The problem> Transcribe the lines below exactly. No image belongs in the transcription.

Exercise data>
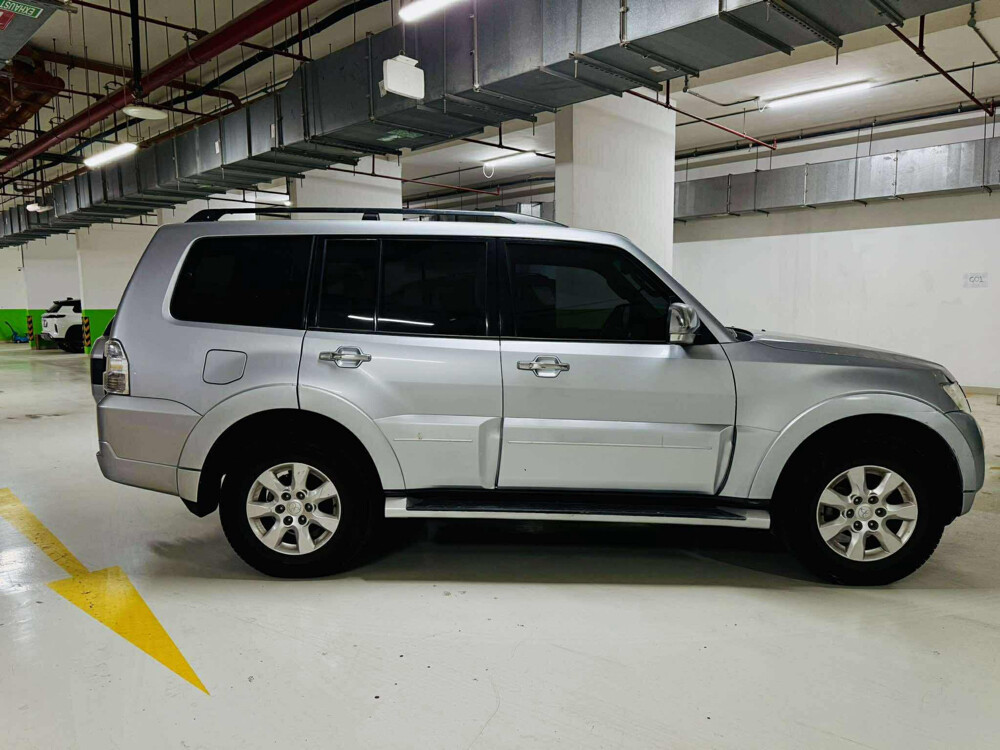 Mitsubishi Pajero 3.5 2016 - Image 3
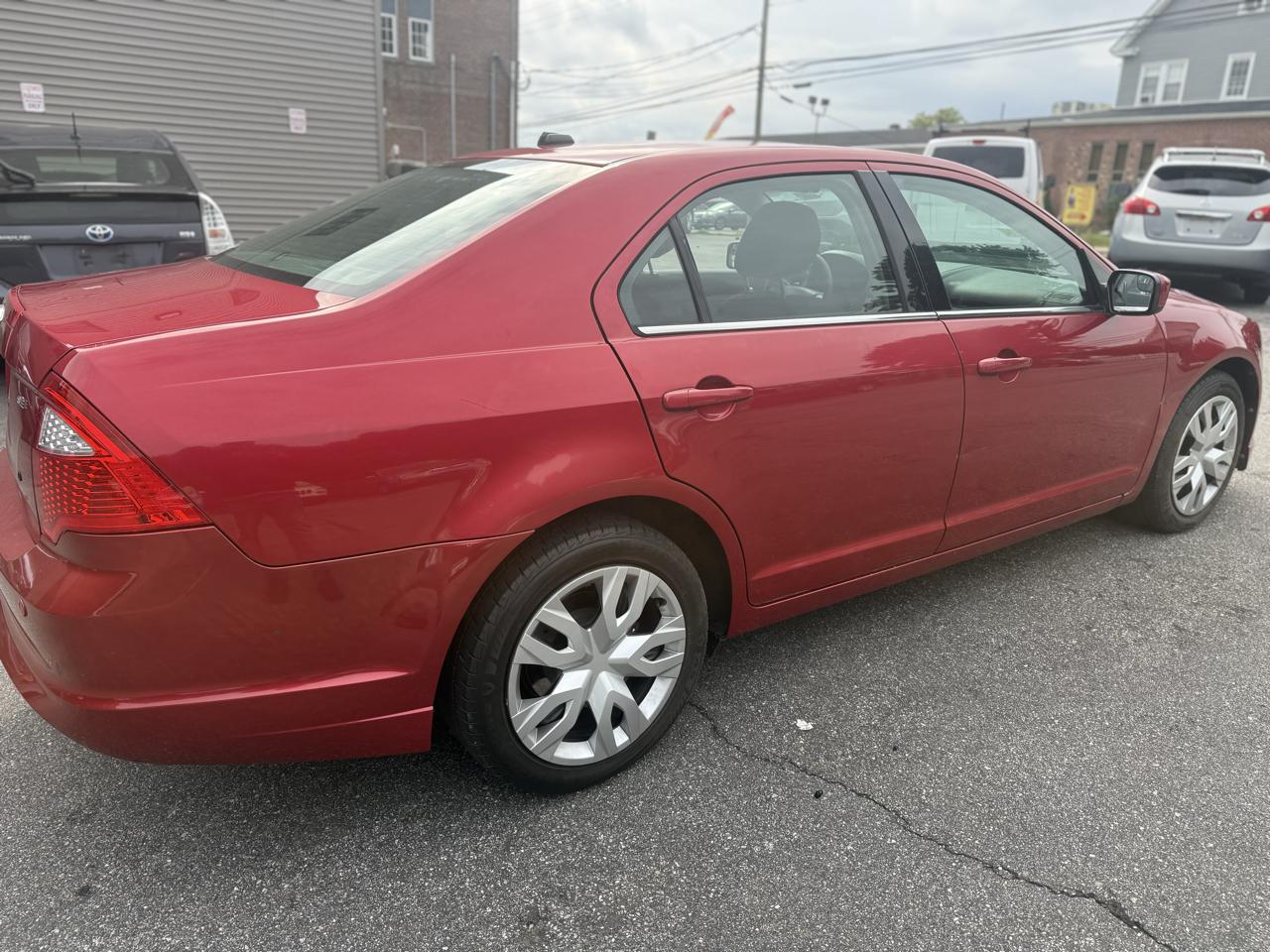 Ford Fusion I4 SE 2011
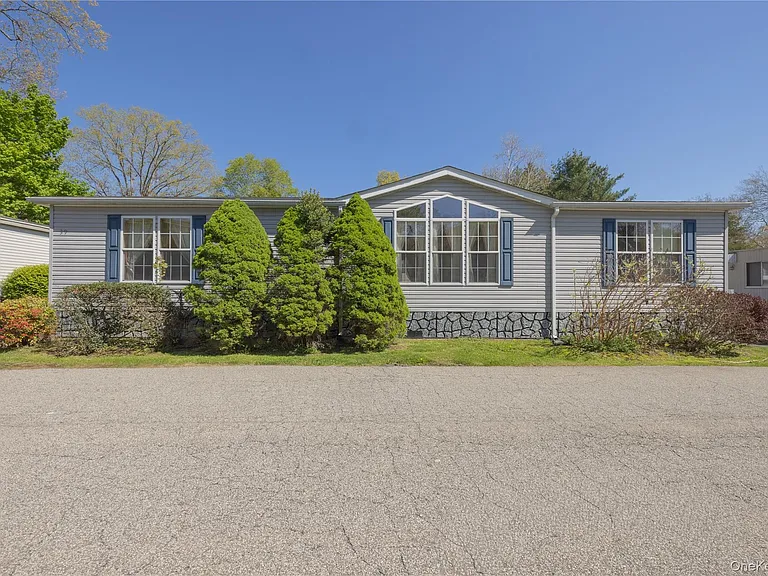 39 Cedar Flats Rd — Photo 6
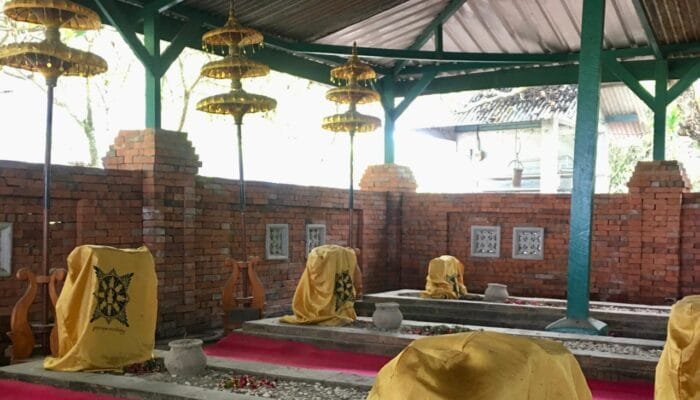 Wisata Religi Kuburan Pitu di Tanah Majapahit Mojokerto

Expected output>
 Mitsubishi Pajero 3.5 2016 - Image 3
 Ford Fusion I4 SE 2011
 39 Cedar Flats Rd — Photo 6
 Wisata Religi Kuburan Pitu di Tanah Majapahit Mojokerto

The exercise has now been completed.